There will be barriers and challenges, especially on such emotive issues as change seen as a threat. There will also be logical barriers. Can you afford the investment? Will there really be cost savings or service improvements? Can the technology do what you want? Will staff be able to cope with the changes and new ways of working? Will your structure and methods of operation allow the project to succeed?
Before deciding on the model to run your call centre, gather the evidence and data needed to make a robust decision:
- The volume of customer contacts you receive and expect, broken down into the smallest units of time possible (for example by hour or day).
- Have this profiled by times of day, days of week and weeks of year to see what the time and seasonal effects are. Knowing this will help to shape your overall resource requirement.
- Look not only at volume of contact historically achieved, but also volume attempted. For example, on a phone system, your resource planning should aim to achieve the full number of 'attempts' (minus re-diallings) and information from your telecom supplier will be of help here. Economies should arise when aggregating call types across departments.
- This process cannot be completed until you are informed, or can take a view, on these additional issues:
- Types of activity to be managed, for example what customer contacts from what department? What is the nature and purpose of the enquiries? This applies to all media: phone calls, e-mails, letters, etc.
- Average length of time to manage each type of activity.
- What improvements can be made to this average with better processes, technology and grouping with other activities?
- What combined skills are needed to manage these contacts? Where are specialisms or extra competencies and training required?
- What hours of operation will you offer and what flexibility will there be in staffing rosters?
- What are your targets or ideas for productivity or staff utilisation? Will you locate staff purely in a call management environment or have them working on administration and other duties as well?
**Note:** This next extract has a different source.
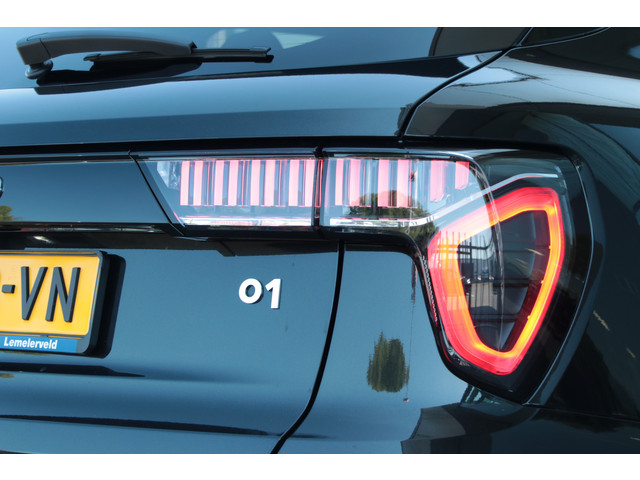 Lynk & Co 01 1.5 262 Pk NL-Auto Zwarte Hemel Panodak LED Infinity 360* Camera Carplay Adpt Cruise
Ownership and positioning within the organisation
Where the contact centre sits in the organisation is a major issue. It should not be an 'add-on' to current services, but fully integrated with clear points of contact with departments outside of the centre. For this reason, many organisations have their contact centres report into a corporate function. This corporate approach relies heavily on 'buy-in' from individual departments and services, so effective communication of the vision and benefits is imperative.
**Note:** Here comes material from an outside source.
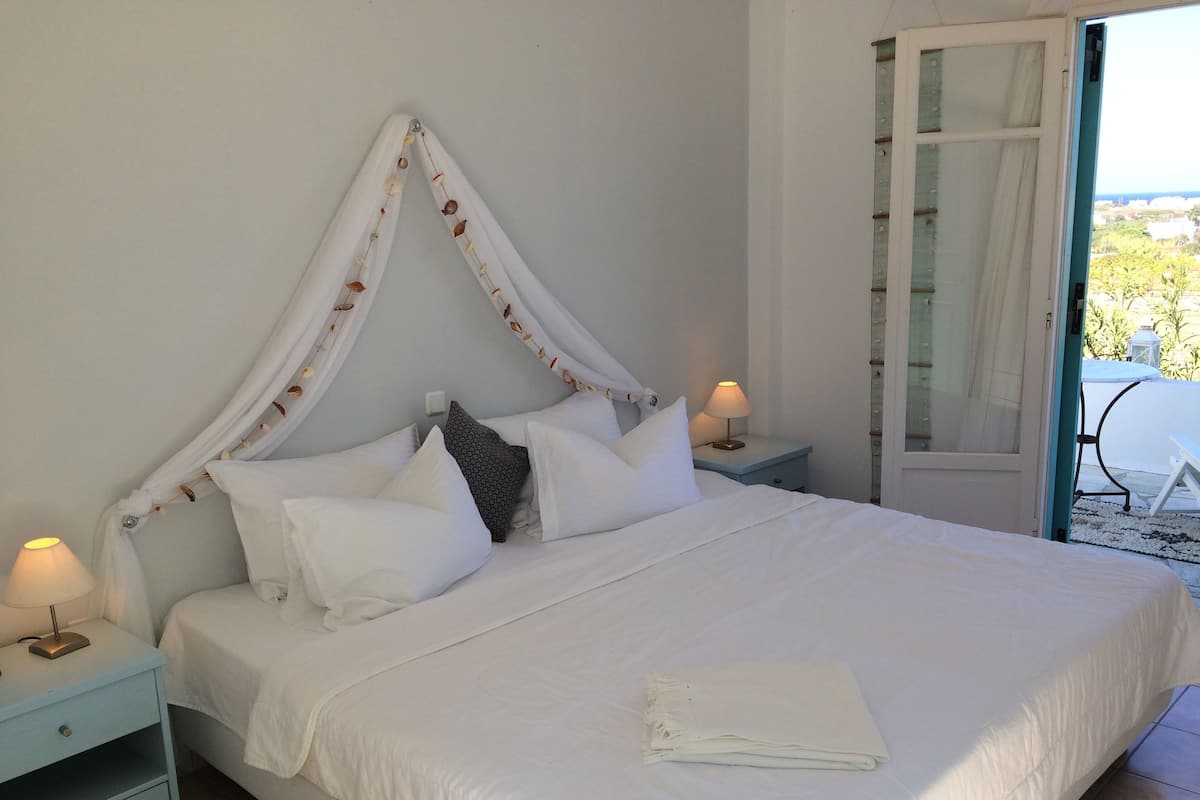 Basic Double or Twin Room | Hypo-allergenic bedding available, down comforters, pillowtop beds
Business models for managing call centres are many and varied. There seems to be little market or data evidence to indicate that any particular model suits a specific situation. We are, however, able to draw some conclusions from such evidence as we have.
The key issues which decide investment, structure and ownership of a contact centre are these:
- View of organisational core competence - can someone else manage it better, including operational management, technology deployment, cost structure and process efficiencies - thought leadership?
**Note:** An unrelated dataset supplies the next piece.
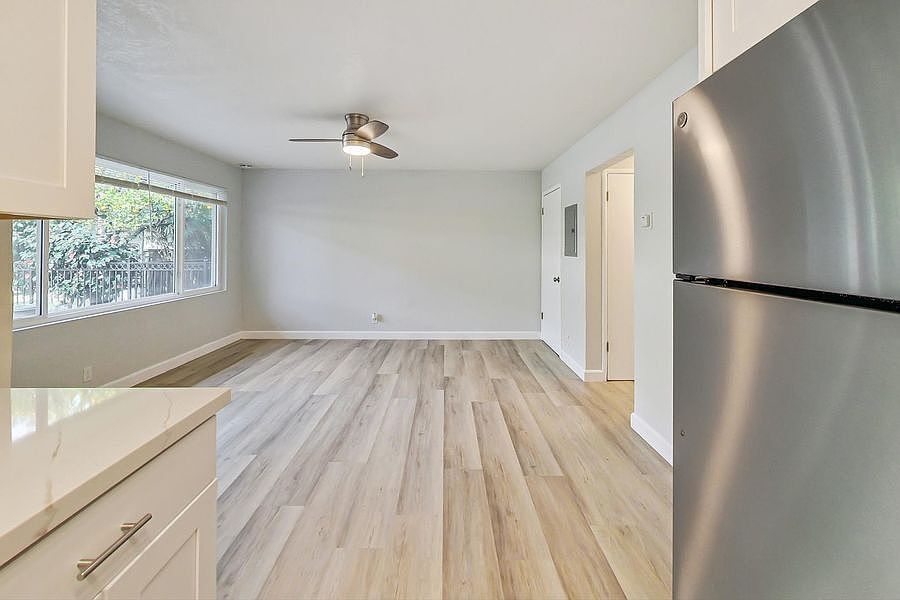333 Lester Ave photo 4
- Perceived strategic or tactical value of the operation: the more strategic and core business integrated it is, the more challenging it is to deploy non-traditional methods.
- Communications or call centre champions within the organisation, in other words individuals prepared to argue their case against accepted or common wisdom or prejudice.
- Acceptable degree of risk. For example it is argued that outsourcing is a process of risk management. But there are risks of loss of control, of customer experience and of customer information, let alone the exiting risks from failed partner relationships.